Word for word, reproduce every line of the data below.

> Scraped caption text data
——

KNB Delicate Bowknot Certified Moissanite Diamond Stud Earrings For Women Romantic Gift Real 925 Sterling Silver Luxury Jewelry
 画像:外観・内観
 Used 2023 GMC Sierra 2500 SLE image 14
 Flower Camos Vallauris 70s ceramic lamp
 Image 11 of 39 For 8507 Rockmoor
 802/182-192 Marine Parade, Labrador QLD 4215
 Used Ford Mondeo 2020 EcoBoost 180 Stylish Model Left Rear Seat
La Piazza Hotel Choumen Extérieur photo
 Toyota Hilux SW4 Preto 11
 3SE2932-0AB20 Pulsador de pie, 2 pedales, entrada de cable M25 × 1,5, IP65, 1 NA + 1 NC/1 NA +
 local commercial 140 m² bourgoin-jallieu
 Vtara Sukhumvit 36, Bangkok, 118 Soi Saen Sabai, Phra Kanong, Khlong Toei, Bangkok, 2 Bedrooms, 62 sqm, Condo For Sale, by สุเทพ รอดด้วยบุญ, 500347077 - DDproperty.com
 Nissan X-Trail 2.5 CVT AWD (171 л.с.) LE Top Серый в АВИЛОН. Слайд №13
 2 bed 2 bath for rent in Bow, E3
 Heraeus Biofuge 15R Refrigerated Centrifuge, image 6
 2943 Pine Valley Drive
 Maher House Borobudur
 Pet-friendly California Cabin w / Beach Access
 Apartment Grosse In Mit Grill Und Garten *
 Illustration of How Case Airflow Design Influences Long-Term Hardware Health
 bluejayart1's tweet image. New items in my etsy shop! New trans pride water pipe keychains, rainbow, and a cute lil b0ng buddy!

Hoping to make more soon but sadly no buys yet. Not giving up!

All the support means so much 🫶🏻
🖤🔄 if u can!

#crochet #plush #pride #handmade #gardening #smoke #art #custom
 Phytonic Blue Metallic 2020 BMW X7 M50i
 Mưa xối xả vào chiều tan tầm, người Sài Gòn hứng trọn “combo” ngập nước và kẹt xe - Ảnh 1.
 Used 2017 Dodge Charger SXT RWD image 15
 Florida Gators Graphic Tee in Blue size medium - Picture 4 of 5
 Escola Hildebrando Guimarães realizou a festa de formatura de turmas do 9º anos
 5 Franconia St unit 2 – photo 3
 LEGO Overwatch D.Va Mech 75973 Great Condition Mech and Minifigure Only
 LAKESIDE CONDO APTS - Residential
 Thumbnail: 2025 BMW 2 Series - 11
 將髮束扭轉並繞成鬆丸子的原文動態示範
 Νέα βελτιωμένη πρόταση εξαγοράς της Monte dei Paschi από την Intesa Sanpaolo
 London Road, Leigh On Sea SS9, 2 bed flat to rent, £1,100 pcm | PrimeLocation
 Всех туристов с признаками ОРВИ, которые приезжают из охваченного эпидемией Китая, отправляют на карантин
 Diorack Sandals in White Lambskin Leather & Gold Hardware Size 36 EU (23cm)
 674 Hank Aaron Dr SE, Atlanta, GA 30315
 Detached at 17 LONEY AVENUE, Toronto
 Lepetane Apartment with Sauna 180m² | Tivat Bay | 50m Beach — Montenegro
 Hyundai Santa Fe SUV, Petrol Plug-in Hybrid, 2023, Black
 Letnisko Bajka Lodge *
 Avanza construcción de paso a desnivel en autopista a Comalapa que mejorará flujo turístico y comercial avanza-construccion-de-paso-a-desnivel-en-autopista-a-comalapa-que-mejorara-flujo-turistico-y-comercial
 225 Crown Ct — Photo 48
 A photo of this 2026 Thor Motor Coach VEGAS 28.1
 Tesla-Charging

——

> RESULT
KNB Delicate Bowknot Certified Moissanite Diamond Stud Earrings For Women Romantic Gift Real 925 Sterling Silver Luxury Jewelry
 画像:外観・内観
 Used 2023 GMC Sierra 2500 SLE image 14
 Flower Camos Vallauris 70s ceramic lamp
 Image 11 of 39 For 8507 Rockmoor
 802/182-192 Marine Parade, Labrador QLD 4215
 Used Ford Mondeo 2020 EcoBoost 180 Stylish Model Left Rear Seat
La Piazza Hotel Choumen Extérieur photo
 Toyota Hilux SW4 Preto 11
 3SE2932-0AB20 Pulsador de pie, 2 pedales, entrada de cable M25 × 1,5, IP65, 1 NA + 1 NC/1 NA +
 local commercial 140 m² bourgoin-jallieu
 Vtara Sukhumvit 36, Bangkok, 118 Soi Saen Sabai, Phra Kanong, Khlong Toei, Bangkok, 2 Bedrooms, 62 sqm, Condo For Sale, by สุเทพ รอดด้วยบุญ, 500347077 - DDproperty.com
 Nissan X-Trail 2.5 CVT AWD (171 л.с.) LE Top Серый в АВИЛОН. Слайд №13
 2 bed 2 bath for rent in Bow, E3
 Heraeus Biofuge 15R Refrigerated Centrifuge, image 6
 2943 Pine Valley Drive
 Maher House Borobudur
 Pet-friendly California Cabin w / Beach Access
 Apartment Grosse In Mit Grill Und Garten *
 Illustration of How Case Airflow Design Influences Long-Term Hardware Health
 bluejayart1's tweet image. New items in my etsy shop! New trans pride water pipe keychains, rainbow, and a cute lil b0ng buddy!

Hoping to make more soon but sadly no buys yet. Not giving up!

All the support means so much 🫶🏻
🖤🔄 if u can!

#crochet #plush #pride #handmade #gardening #smoke #art #custom
 Phytonic Blue Metallic 2020 BMW X7 M50i
 Mưa xối xả vào chiều tan tầm, người Sài Gòn hứng trọn “combo” ngập nước và kẹt xe - Ảnh 1.
 Used 2017 Dodge Charger SXT RWD image 15
 Florida Gators Graphic Tee in Blue size medium - Picture 4 of 5
 Escola Hildebrando Guimarães realizou a festa de formatura de turmas do 9º anos
 5 Franconia St unit 2 – photo 3
 LEGO Overwatch D.Va Mech 75973 Great Condition Mech and Minifigure Only
 LAKESIDE CONDO APTS - Residential
 Thumbnail: 2025 BMW 2 Series - 11
 將髮束扭轉並繞成鬆丸子的原文動態示範
 Νέα βελτιωμένη πρόταση εξαγοράς της Monte dei Paschi από την Intesa Sanpaolo
 London Road, Leigh On Sea SS9, 2 bed flat to rent, £1,100 pcm | PrimeLocation
 Всех туристов с признаками ОРВИ, которые приезжают из охваченного эпидемией Китая, отправляют на карантин
 Diorack Sandals in White Lambskin Leather & Gold Hardware Size 36 EU (23cm)
 674 Hank Aaron Dr SE, Atlanta, GA 30315
 Detached at 17 LONEY AVENUE, Toronto
 Lepetane Apartment with Sauna 180m² | Tivat Bay | 50m Beach — Montenegro
 Hyundai Santa Fe SUV, Petrol Plug-in Hybrid, 2023, Black
 Letnisko Bajka Lodge *
 Avanza construcción de paso a desnivel en autopista a Comalapa que mejorará flujo turístico y comercial avanza-construccion-de-paso-a-desnivel-en-autopista-a-comalapa-que-mejorara-flujo-turistico-y-comercial
 225 Crown Ct — Photo 48
 A photo of this 2026 Thor Motor Coach VEGAS 28.1
 Tesla-Charging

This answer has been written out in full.